May 19, 2022

Cameron, Speaking to Parliament, Defends Actions at Europe Summit

“I responded in good faith,” Mr. Cameron said in the televised speech, explaining his actions last week. “We were simply asking for a level playing field.”

Reiterating his reasons for the veto decision, Mr. Cameron said he could not agree to the changes to European Union treaties because they would have threatened the competitive future of London’s financial services industry, a critical part of Britain’s economy. He also said he had done nothing to compromise Britain’s membership in the European Union itself.

“Britain remains a full member of the E.U. and the events of the last week do nothing to change that,” said Mr. Cameron, who leads the Conservative Party. “Our membership of the E.U. is vital to our national interest. We are a trading nation and we need the single market for trade, investment and jobs.”

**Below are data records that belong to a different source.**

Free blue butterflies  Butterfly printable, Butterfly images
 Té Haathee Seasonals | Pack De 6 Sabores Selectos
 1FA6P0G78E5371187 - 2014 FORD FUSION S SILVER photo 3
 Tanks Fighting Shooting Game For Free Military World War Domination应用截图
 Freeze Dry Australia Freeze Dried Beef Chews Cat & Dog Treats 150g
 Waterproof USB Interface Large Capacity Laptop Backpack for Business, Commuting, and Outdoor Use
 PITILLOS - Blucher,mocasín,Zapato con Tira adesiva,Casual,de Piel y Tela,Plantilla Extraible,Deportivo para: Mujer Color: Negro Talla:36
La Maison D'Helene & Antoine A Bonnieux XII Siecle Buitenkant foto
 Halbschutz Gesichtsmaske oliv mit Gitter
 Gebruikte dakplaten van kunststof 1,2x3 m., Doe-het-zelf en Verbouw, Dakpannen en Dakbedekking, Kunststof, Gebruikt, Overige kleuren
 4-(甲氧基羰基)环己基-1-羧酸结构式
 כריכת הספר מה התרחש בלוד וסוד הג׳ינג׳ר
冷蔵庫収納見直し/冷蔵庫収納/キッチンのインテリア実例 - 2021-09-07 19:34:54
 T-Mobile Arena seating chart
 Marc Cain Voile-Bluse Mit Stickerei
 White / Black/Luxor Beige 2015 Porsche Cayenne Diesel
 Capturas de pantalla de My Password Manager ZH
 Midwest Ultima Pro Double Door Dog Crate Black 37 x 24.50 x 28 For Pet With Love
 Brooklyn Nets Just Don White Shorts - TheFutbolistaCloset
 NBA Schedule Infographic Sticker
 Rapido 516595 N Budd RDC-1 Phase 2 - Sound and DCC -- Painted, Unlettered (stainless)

But with the 26 other members of the European Union either agreeing to the proposed plan outright or saying they would put the matter before their Parliaments, Mr. Cameron has come in for harsh domestic criticism. Nick Clegg, the leader of the Liberal Democrats, the junior coalition partner in Mr. Cameron’s government, told the BBC on Sunday that Britain was left in danger of being “isolated and marginalized” in Europe. Mr. Clegg added that if he had been in charge, “of course things would have been different.”

Mr. Clegg, who normally sits next to Mr. Cameron on the front bench of the parliamentary chamber, was conspicuously absent during Mr. Cameron’s remarks on Monday.

In an unusually blunt acknowledgment of the divide between Britain and the rest of Europe, President Nicolas Sarkozy of France said in a newspaper interview published on Monday that, while he and Chancellor Angela Merkel of Germany had done “everything in order that the English should be part of the agreement” at the Brussels summit, the reality was that “henceforth there are clearly two Europes — one seeking greater solidarity and regulation, and the other attached to the exclusive logic of the single market.”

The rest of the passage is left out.